## Activity
Each record below is to be copied word for word, with pictures removed.

Collected data entries
*** Begin section ***

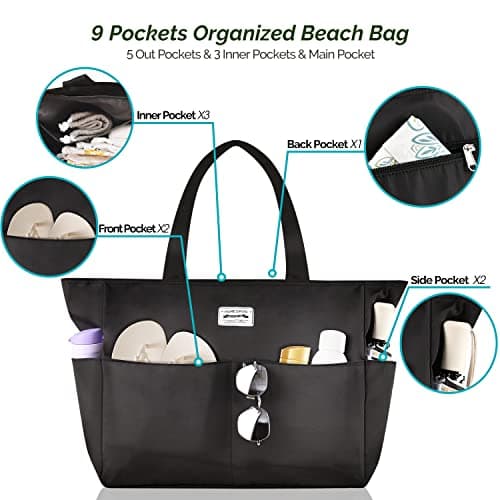 HOMESPON Large Waterproof Beach Bag for Women, Zippered Pool Tote — view 6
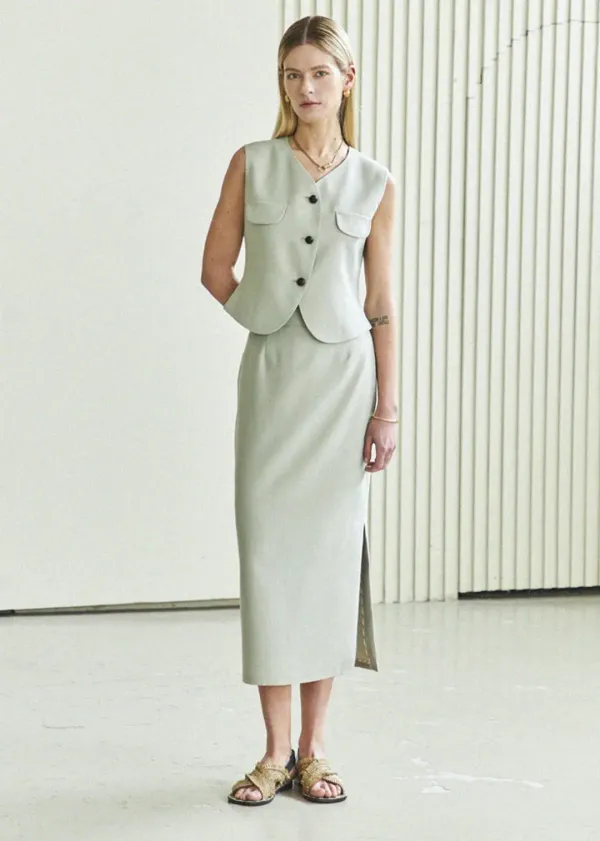 (SET) POCKET BUTTON VEST & H-LINE SLIT SKIRT_OLIVE GRAY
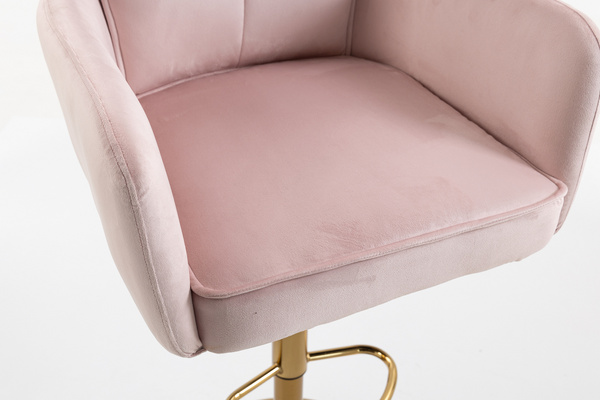 HR250W Scaun Catifea Roz Pudra Bază Aurie
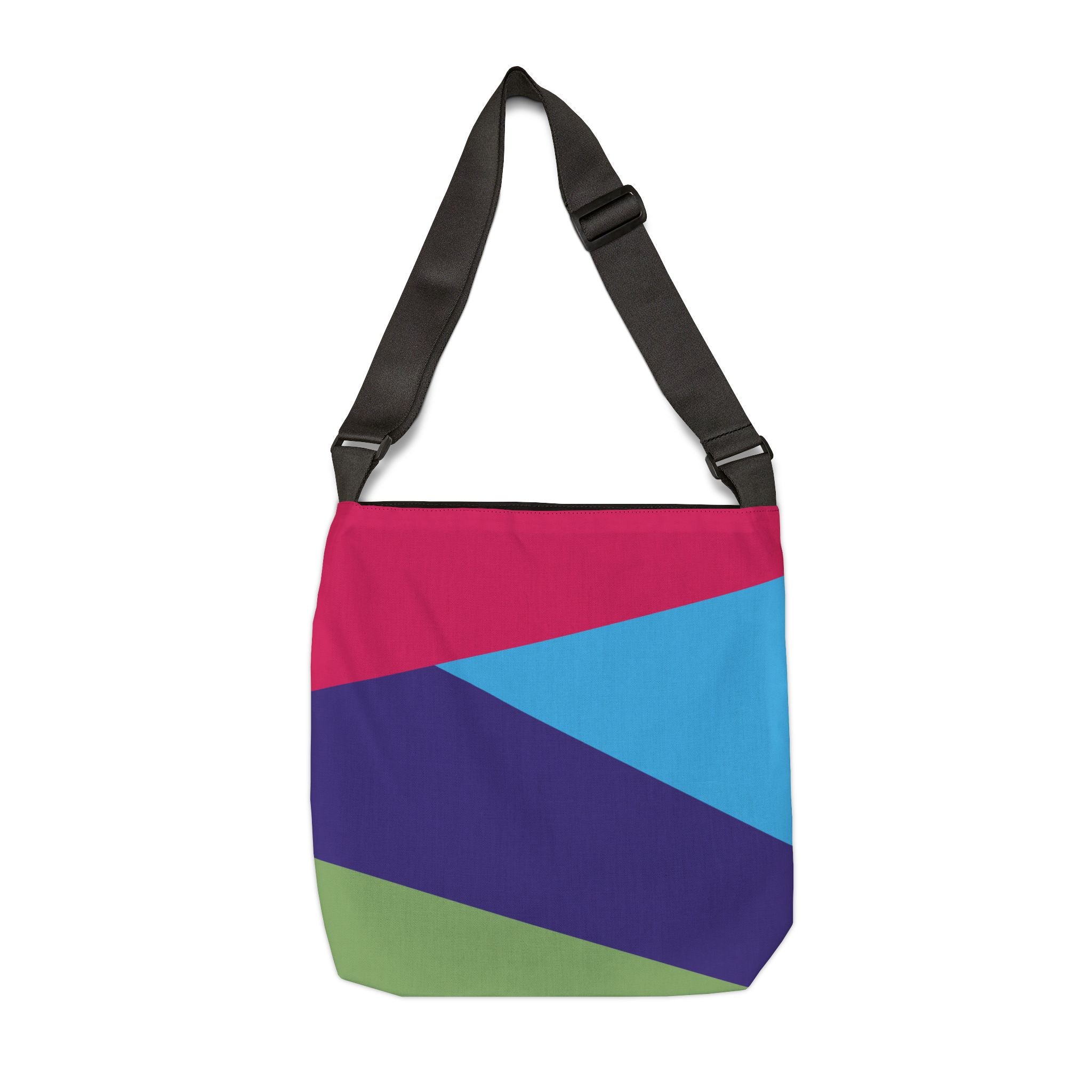 Colorblock Geometric Tote Bag — Adjustable Strap, Bright Abstract Pattern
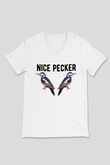 Nice Pecker Baskılı Unisex Beyaz  V Yaka Tişört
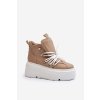 Zazoo 3416 Kožené Dámské Sportovní Boty Beige (Veľkosť 36)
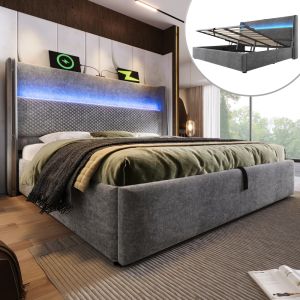Cama tapizada 180x200cm con canapé, LED y usb tipo c lino – color gris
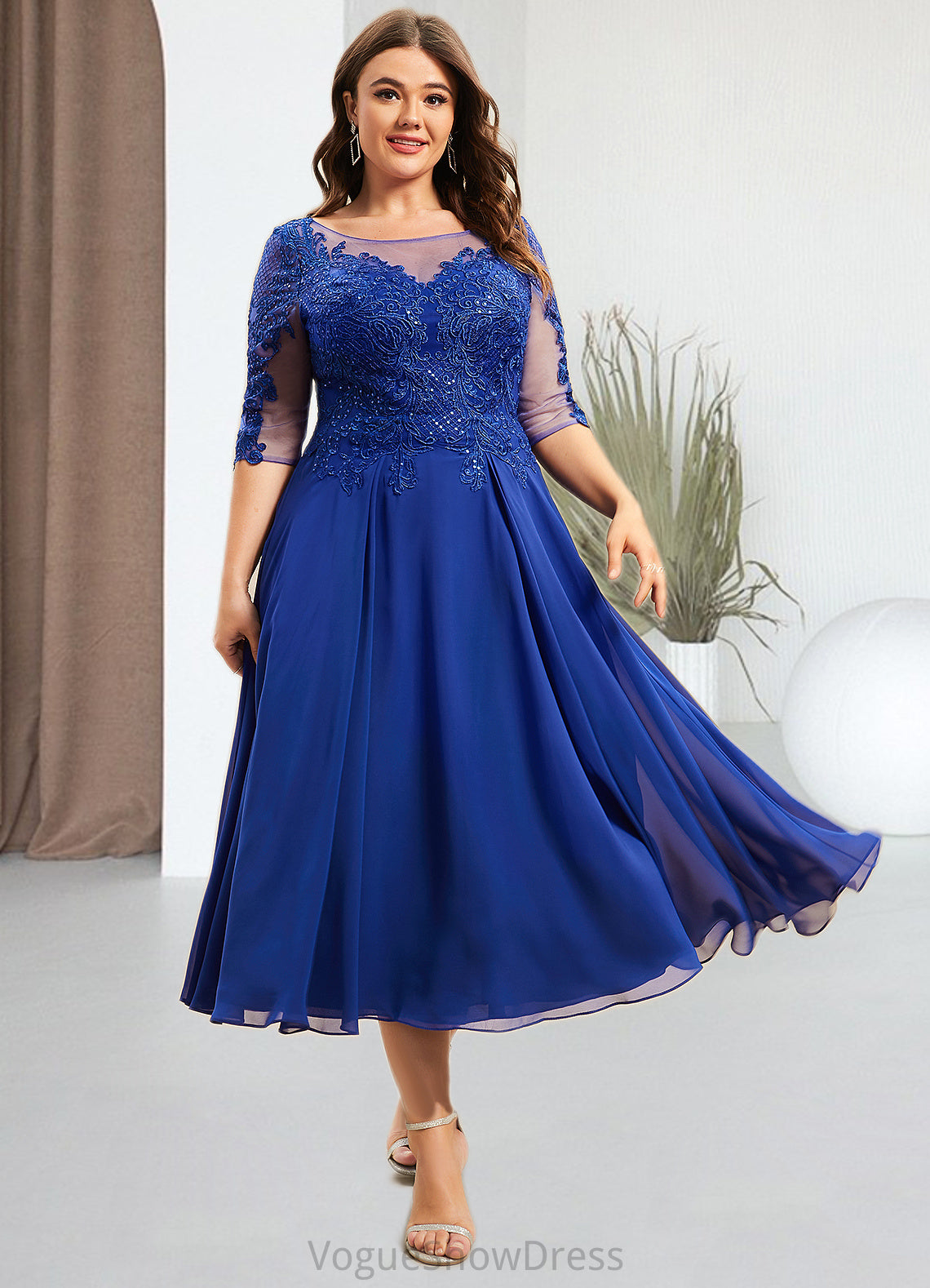 Susie A-Line Scoop Neck Tea-Length Chiffon Lace Mother of the Bride Dress With Sequins DL126P0014565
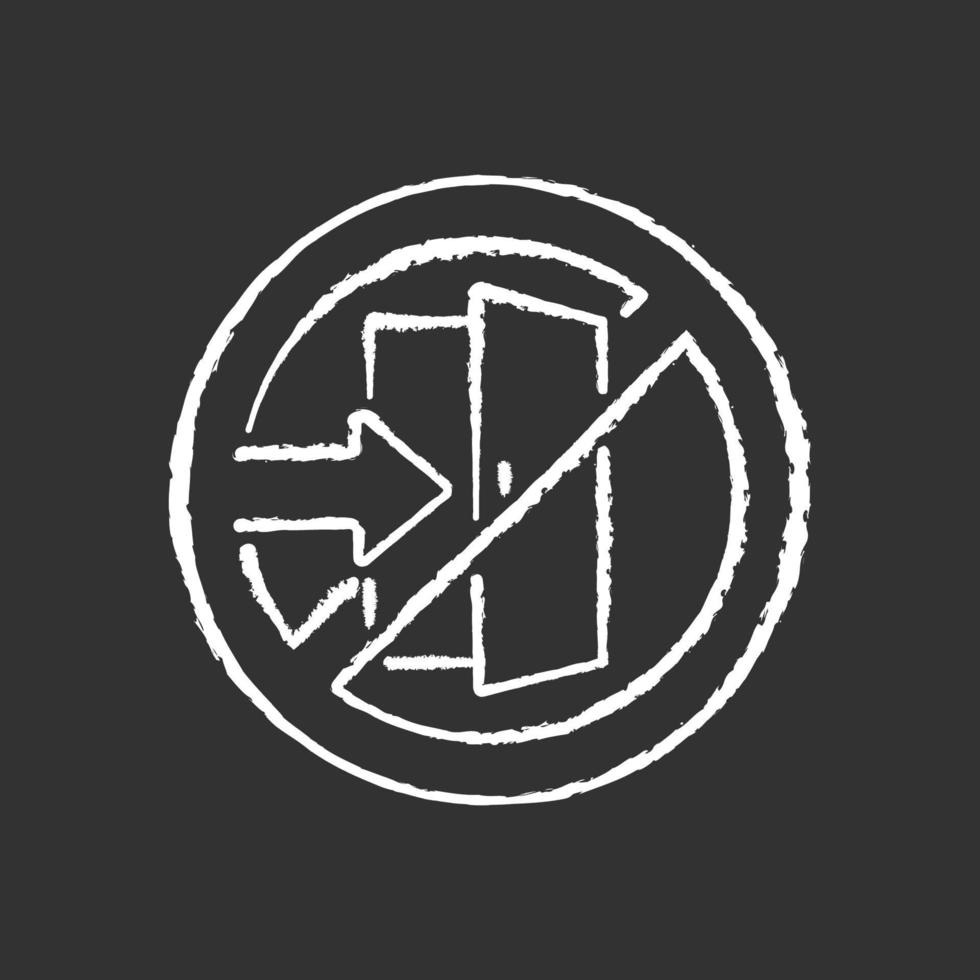 Do not enter chalk white icon on black background vector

*** End section ***

## Solution to this task
 HOMESPON Large Waterproof Beach Bag for Women, Zippered Pool Tote — view 6
 (SET) POCKET BUTTON VEST & H-LINE SLIT SKIRT_OLIVE GRAY
 HR250W Scaun Catifea Roz Pudra Bază Aurie
 Colorblock Geometric Tote Bag — Adjustable Strap, Bright Abstract Pattern
 Nice Pecker Baskılı Unisex Beyaz  V Yaka Tişört
 Zazoo 3416 Kožené Dámské Sportovní Boty Beige (Veľkosť 36)
Cama tapizada 180x200cm con canapé, LED y usb tipo c lino – color gris
 Susie A-Line Scoop Neck Tea-Length Chiffon Lace Mother of the Bride Dress With Sequins DL126P0014565
 Do not enter chalk white icon on black background vector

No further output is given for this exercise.